DATA BELOW —
Segment Open
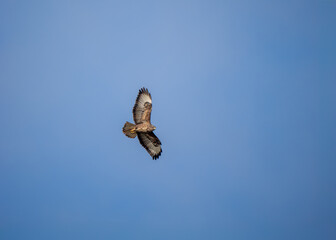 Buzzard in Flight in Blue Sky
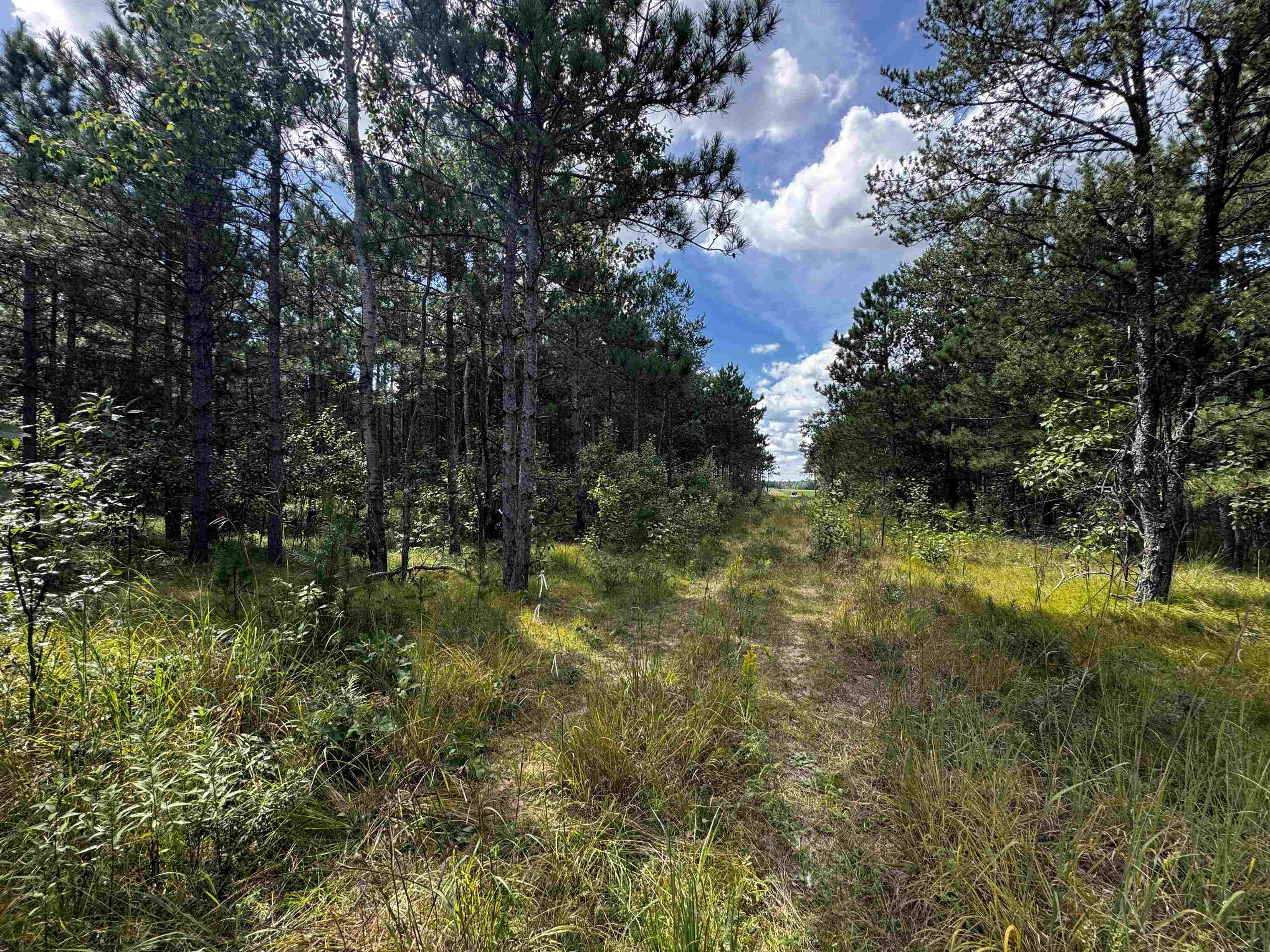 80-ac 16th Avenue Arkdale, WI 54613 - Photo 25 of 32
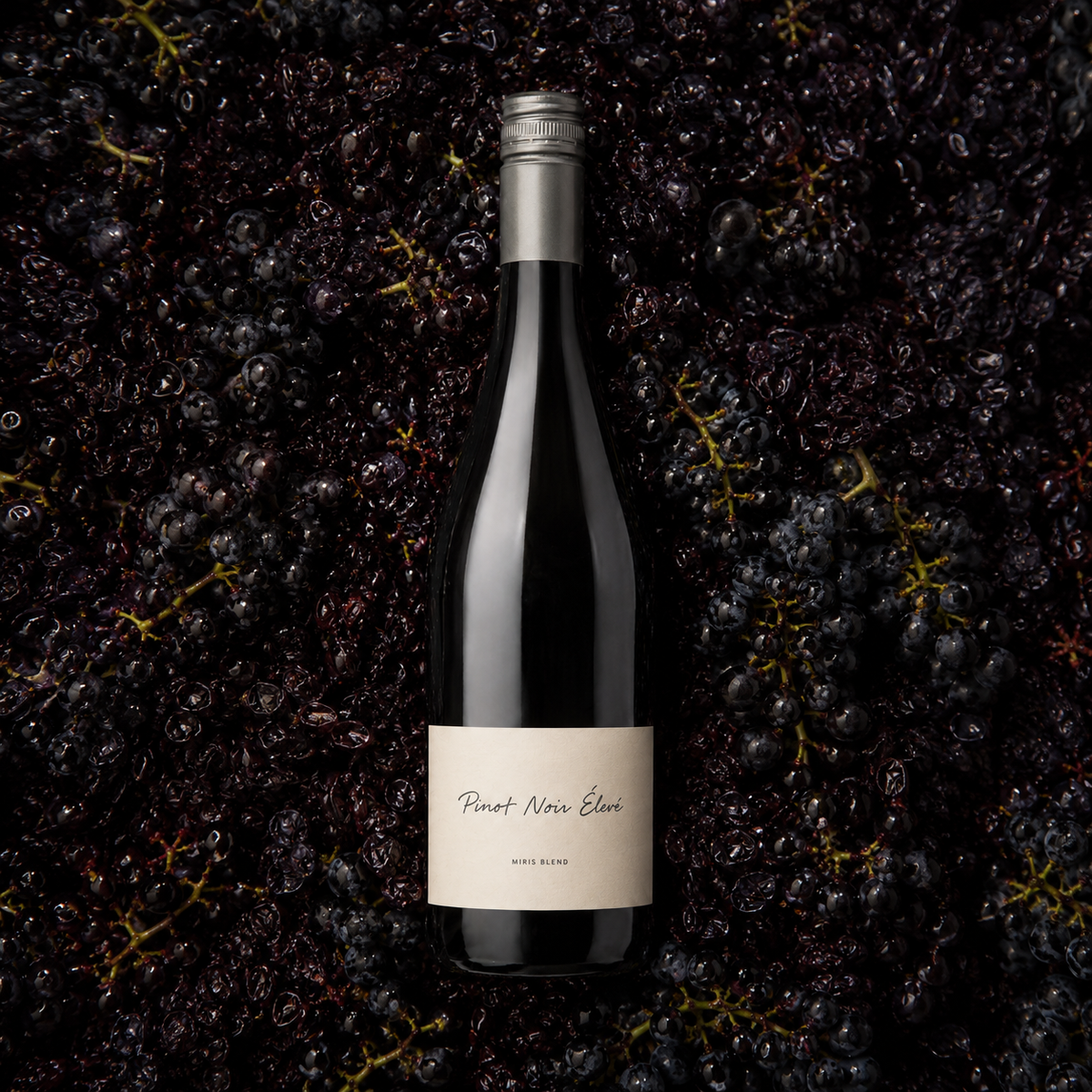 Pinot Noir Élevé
Segment Closed
ABOUT THIS TASK — In your transcription of the listing above, match each line exactly and include no pictures.

RESPONSE AREA —
 Buzzard in Flight in Blue Sky
 80-ac 16th Avenue Arkdale, WI 54613 - Photo 25 of 32
 Pinot Noir Élevé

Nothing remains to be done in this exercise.